La ferita
- Autore: Lucio Leone
- Categoria: Narrativa Italiana
- Anno di pubblicazione: 2021
“Cosa si prova a gettarsi nel vuoto?”
Il protagonista del nuovo romanzo di Lucio Leone, La ferita, portato in libreria da Alessandro Polidoro Editore (2021), se lo chiede con sorpresa quando ormai nella sua vita e in quella delle persone di cui si occupa per lavoro pensa di essere scampato infinite volte a una sensazione simile.
Il suo dopotutto è un mestiere delicato ma necessario, che gli permette di insinuarsi fisicamente e spiritualmente dentro la ferita di ogni suicida nel tentativo di riparare a un gesto estremo con uno più dolce, più ancorato all’esistenza, manovrato dall’interno da una coscienza più equilibrata. Per raccontare un personaggio inconsueto come lui, l’autore costruisce un microcosmo fatto di andirivieni lessicali e concettuali, di piccoli slarghi narrativi e di aggettivi abbondanti, che permettono di sgretolare un passo dopo l’altro l’anonimato e la discrezione del protagonista, e di seguirlo nelle sue missioni di lavoro con un’empatia sempre più vincolante.
Così, nel momento in cui il suo destino subisce una sferzata imprevedibile, che lo costringe a confrontarsi non solo con i propri stati d’animo e con le proprie convinzioni, ma anche e soprattutto con abitudini, valori, ideali e priorità, a scavare all’interno di una nuova ferita è in particolare chi legge, chi vede il personaggio spaccarsi in due per la prima volta e interrogarsi su bivi ai quali non si era mai trovato prima, quantomeno non con la stessa violenta concretezza.
“In realtà, non so se sia corretto pensarmi come individuo. Tanto varrebbe usare il noi.
Noi abbiamo una sola qualità assoluta e una funzione: siamo la coscienza critica del cosmo, è attraverso noi che il cosmo riflette su se stesso e ogni cosa si osserva e si immagina.”
Sono queste le frasi che scandisce, quasi a fatica, quando ormai la sua strada sembra tracciata, alla fine di un countdown scandito da capitoli che procedono a ritroso, a partire dal -26 fino ad arrivare allo 0, come a segnalare il cammino impervio ma inevitabile che ciascuno di noi, insieme al protagonista, percorre fino al punto di massimo incontro con il proprio nucleo fondante, o magari di scissione totale dal proprio sé, o ancora di comunione armonica con quanto lo circonda, in onore di un enigma in grado di attraversare tutte le pagine dell’opera.
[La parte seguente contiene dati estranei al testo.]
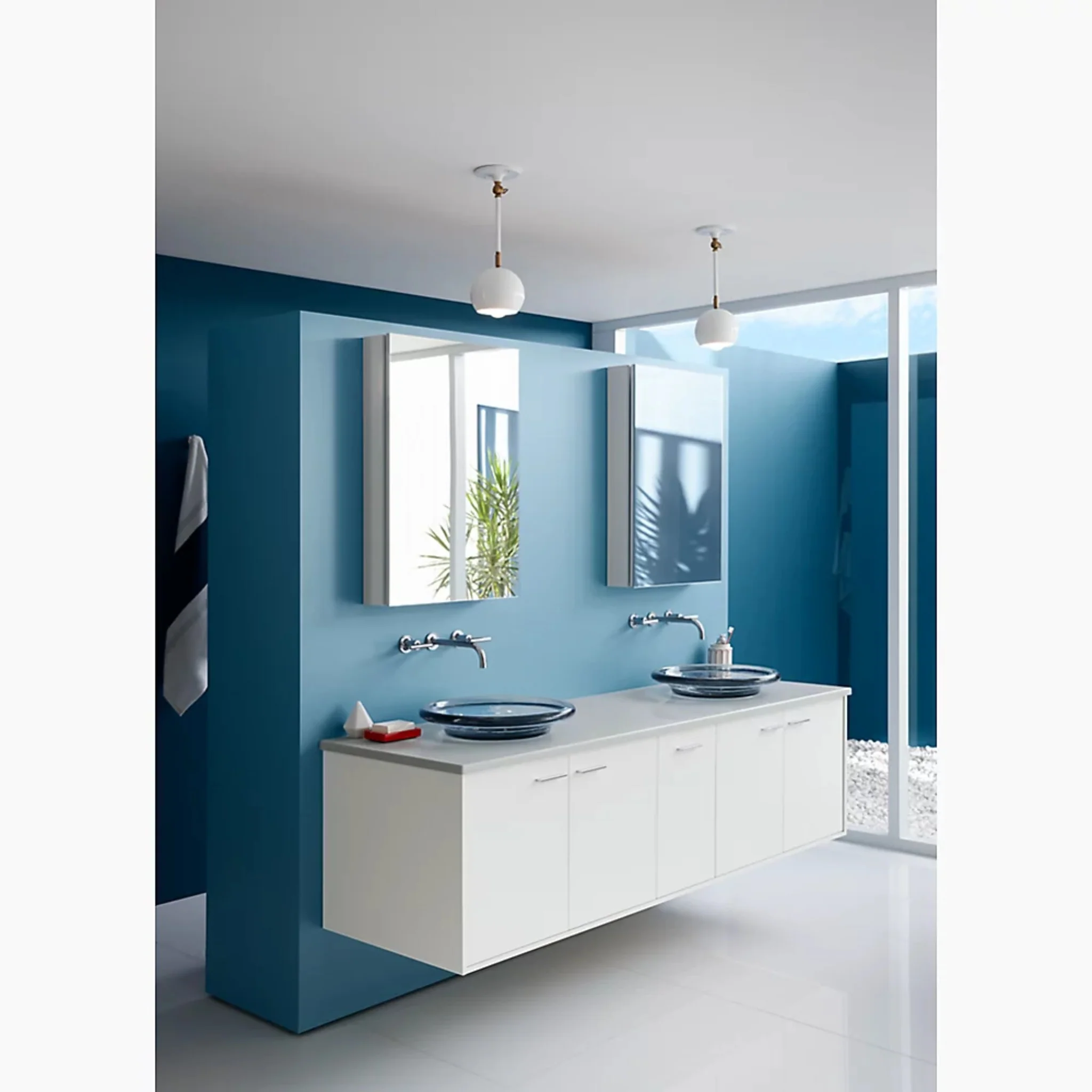 VERDERA 24 X 30 INCHES MEDICINE CABINET WITH PULL-OUT MIRROR - Image 4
Si tratta in verità di un romanzo molto breve, che supera a stento le cento facciate, e che tuttavia resta impresso in primo luogo per la sua densità linguistica e per lo spessore delle riflessioni affidate personalmente all’incisore di corpi, e in secondo luogo per la capacità del suo creatore di renderlo plastico e sinuoso rispetto alla catena di eventi in cui si ritrova coinvolto, incapace di ribellarsi e al contempo di lasciarsi scivolare addosso ogni episodio come se niente gli importasse davvero.
La sua è una posizione ibrida, a metà tra il sovrumano e l’inumano, e condannata (forse benignamente) a cambiarsi in un’irriducibile e altissima intelligenza emotiva: l’accesso singolare e inedito che ha nell’animo altrui, infatti, lo conduce per mano a un ascolto sempre più intenso delle proprie istanze, a uno sguardo via via più largo sui propri affetti e sul significato del suo stare al mondo, che nonostante i salti temporali e di coscienza a cui è sottoposto gli spalancano di fronte una voragine di possibilità, una spaccatura fra il passato e il futuro che alla lunga si rivela impossibile da ignorare.
"Se guarderai a lungo nell’abisso, l’abisso guarderà dentro di te", scriveva Friedrich Nietzsche. "L’unico caso in cui il passato descrive il presente è quando i bambini raccontano il loro giocare", scrive invece Lucio Leone, e nell’altalena mobile fra questi due aforismi si dipana il senso profondo de La ferita, suggerendo impressioni magnetiche e cangianti una pagina dopo l’altra, finché non risulta chiara, in tutta la sua accecante complessità, quel congegno corporeo (e non) da cui siamo avvolti al di là della nostra forza di volontà.